In adults, an iodine deficiency of less than 10-20 micrograms per day can lead to underproduction of thyroid hormones, a condition known as hypothyroidism, which interferes with normal metabolic functions such as regulation of heart rate, body temperature, and body weight. The development of hypothyroidism is often accompanied by neck swelling (goiter). Other symptoms of hypothyroidism include:

  • Fatigue;
  • Weakness;
  • sensitivity to cold;
  • Constipation;
  • dry skin and hair;
  • weight gain

Iodine excess

Excessive consumption of iodine is quite rare. Iodine excess occurs more often as a result of excessive dosage of pharmacotherapy prescribed for iodine deficiency.
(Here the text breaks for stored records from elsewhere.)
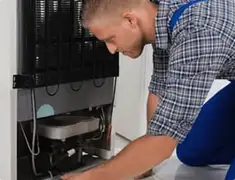 Refrigerator repair technician servicing the compressor and condenser area in Naperville, IL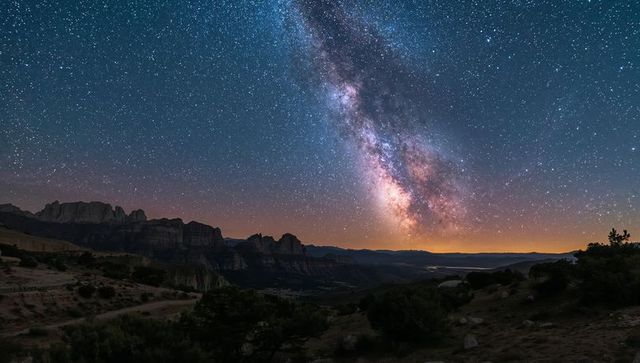 Milky way rising and arching over desert canyon with silhouetted mesas at night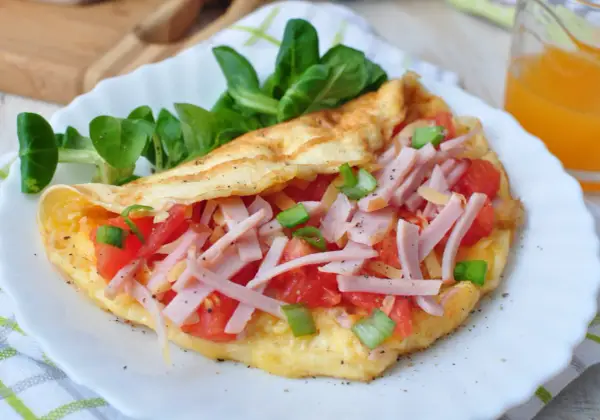 Pyszny omlet bez mąki z szynką, pomidorami i szczypiorkiem, podany z sałatką. Idealny na szybkie śniadanie.
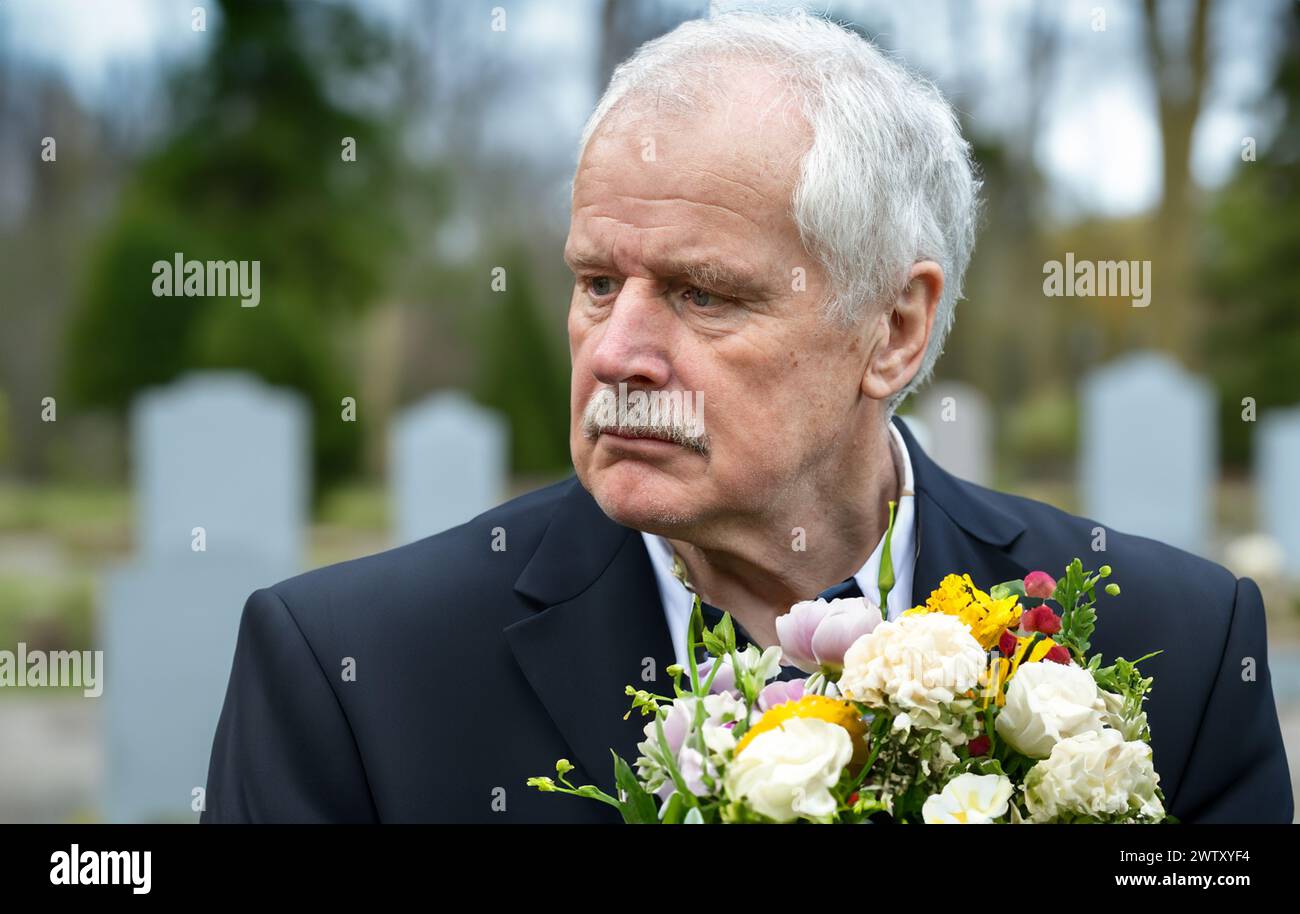 Trauriger alter Mann mit Blumen, der auf dem Friedhof trauert. Stockfoto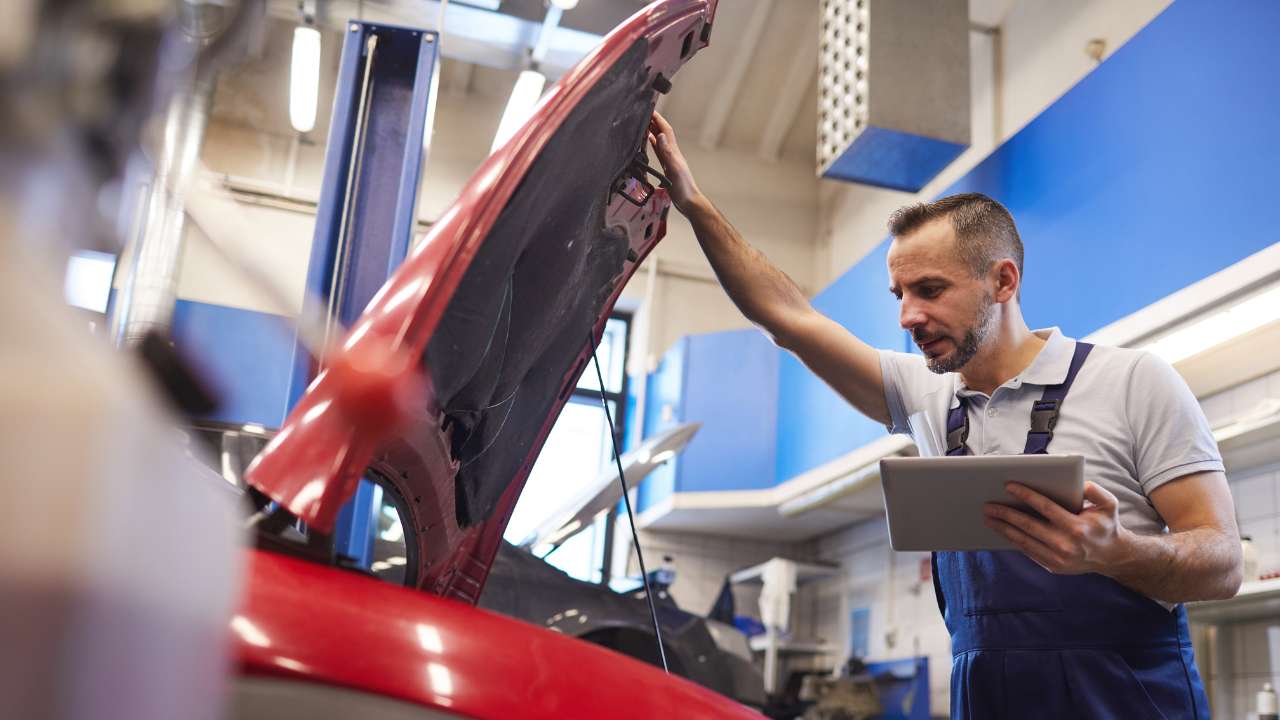 man kijkt onder motorkap auto met notitieblok in zijn hand
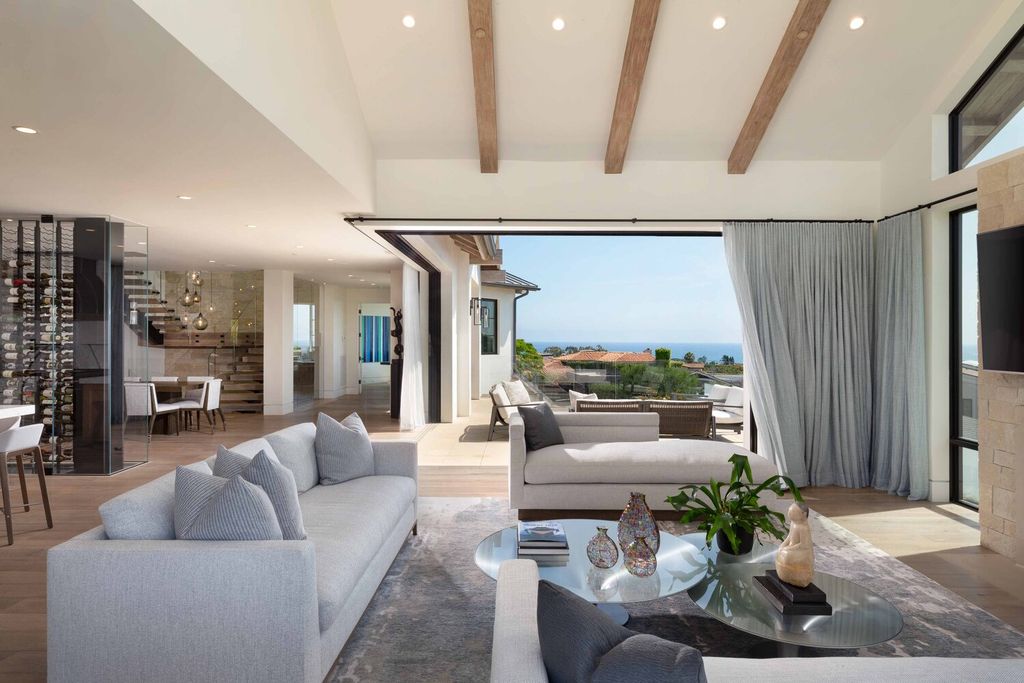 The Home in Corona Del Mar is a contemporary ocean view residence features sweeping ocean and Catalina views now available for sale. This home located at 409 De Sola Ter, Corona Del Mar, California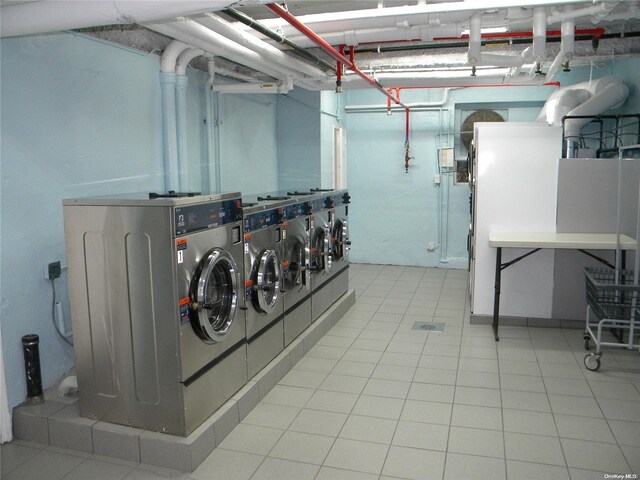 212-30 23rd Ave Unit 6A, Bayside, NY 11360 - below grade area featuring washing machine and clothes dryer
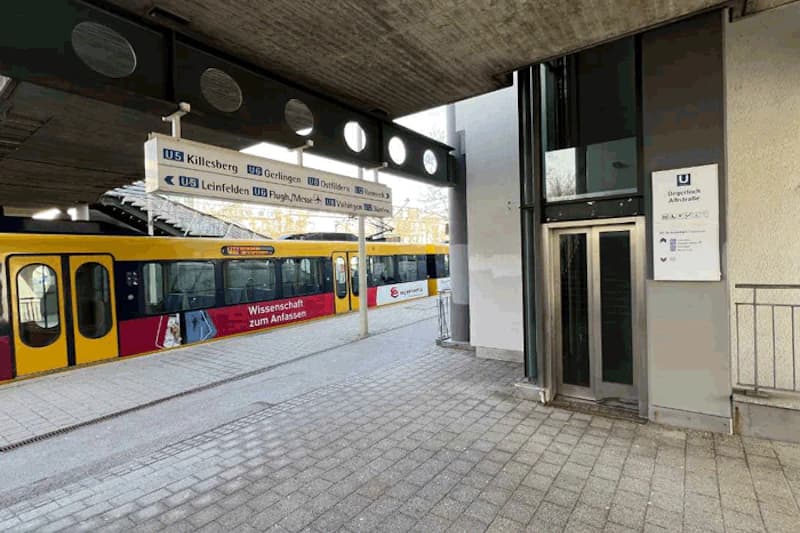 Gelbe Stadtbahn am Bahnsteig, überdachte Haltestelle mit Aufzug und Richtungstafel unter Betonlage.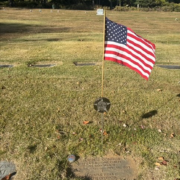 Volunteers installing durable flag holders on veterans' graves at Assumption Cemetery, showcasing community support and remembrance.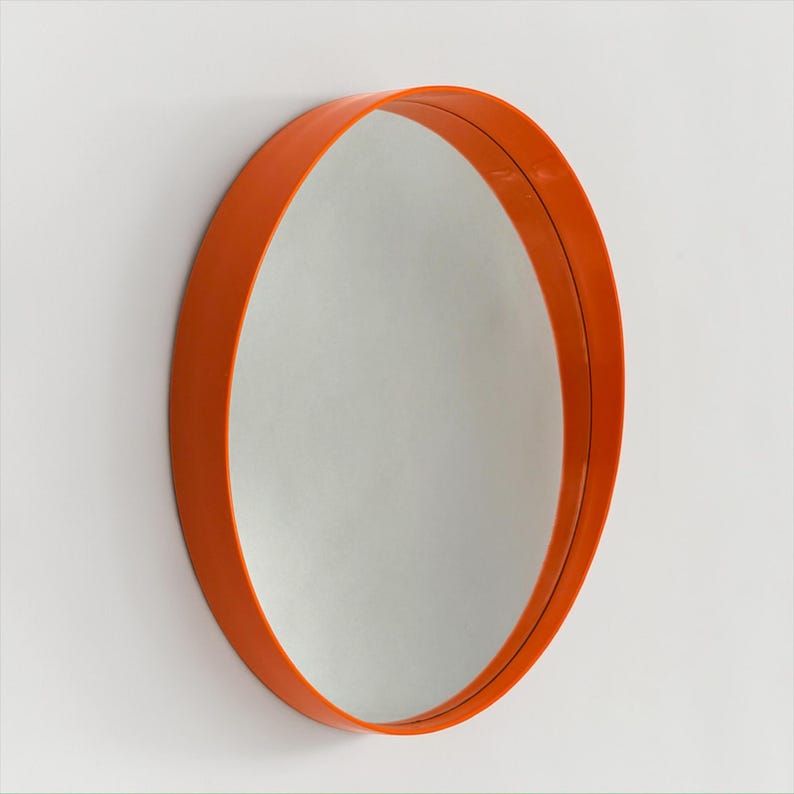 May include: An orange, round mirror with a simple, modern design. The mirror is mounted on a white wall, and the frame is a vibrant shade of orange. The circular shape and bold color make it a striking decorative piece.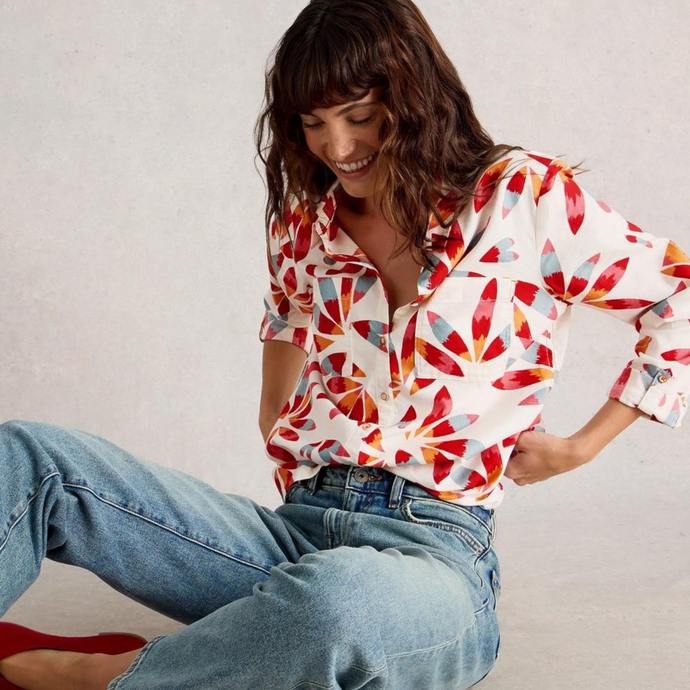 Woman wearing a colorful patterned shirt and jeans sitting on the floor against a plain background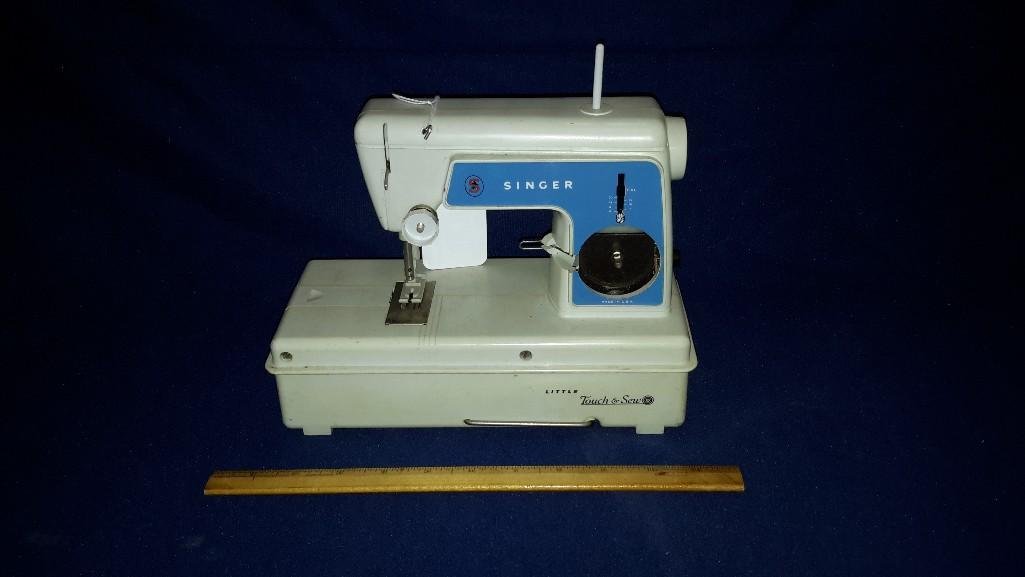 Vintaage Singer Sewing Machine: Little Touch & Sew sewing machine. 8" tall x 10" wide. Battery opreated.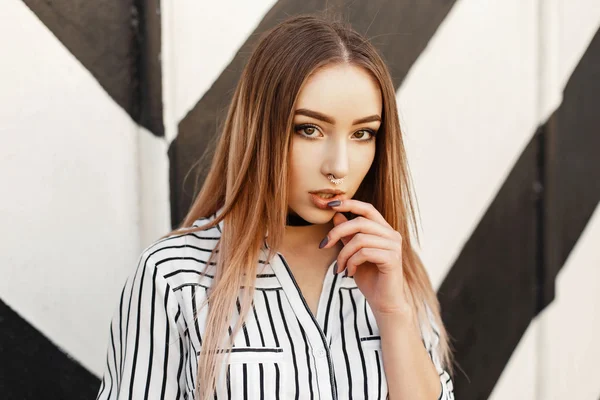 Beautiful model woman with an earring in the nose in fashionable clothes posing near the wall. Black and white stripes. — Stock Photo, Image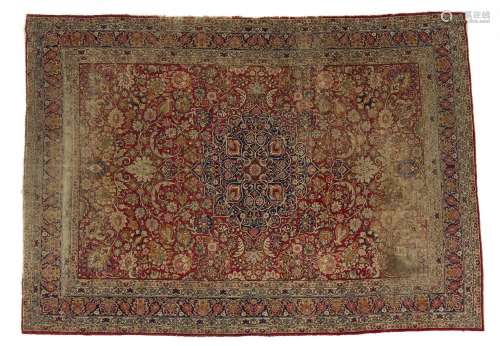 AN ANTIQUE PERSIAN LAVAR CARPET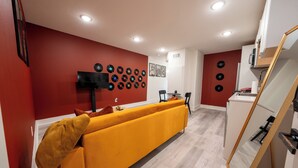 Un soggiorno moderno con un divano, una TV a schermo piatto e una parete decorata con dischi in vinile.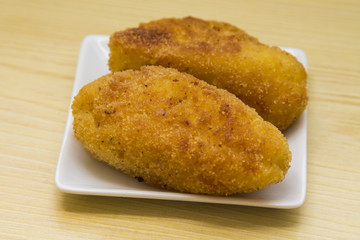 Croquettes on the plate on wooden table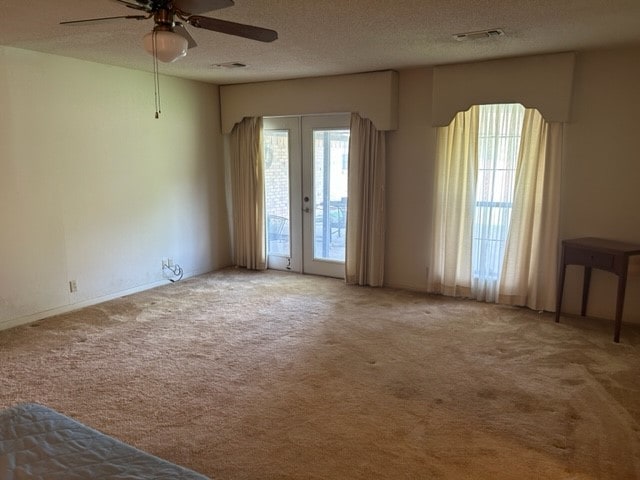 spare room featuring french doors, ceiling fan, carpet, and a textured ceiling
Sometimes, people who live near the sea get excess iodine by eating seafood and algae, drinking water containing iodine, for example, this happens in northern Japan.

Taking too much iodine does not usually have a negative effect on thyroid function, although there are some exceptions. Iodine can cause the thyroid gland to become overactive and produce too much thyroid hormone (hyperthyroidism). As a result, the thyroid gland grows and forms the so-called gout. When you consume too much iodine, you may develop an iodine taste in your mouth and begin to salivate excessively. Irritation of the digestive system and rashes on the body.

Taking too much iodine can lead to hypothyroidism, especially if the thyroid gland was already underactive.


If the doctor suspects the presence of hyperthyroidism or hypothyroidism based on symptoms, patients who take iodine-containing drugs or live in an area with a high risk of thyroid diseases should be careful. E.g.: near the sea, where seafood and seaweed are abundantly used as food. In the high-risk population, thyroid hormones and thyroid-stimulating hormone are determined, as well as radiological studies (ultrasound examination).

In regions containing excess iodine, it is recommended to use salt that does not contain iodine, and the consumption of iodine-containing products should be limited. Iodine restriction alone is often sufficient to treat hypothyroidism caused by excessive iodine intake, although there are cases in which the patient may require lifelong thyroid hormone supplementation.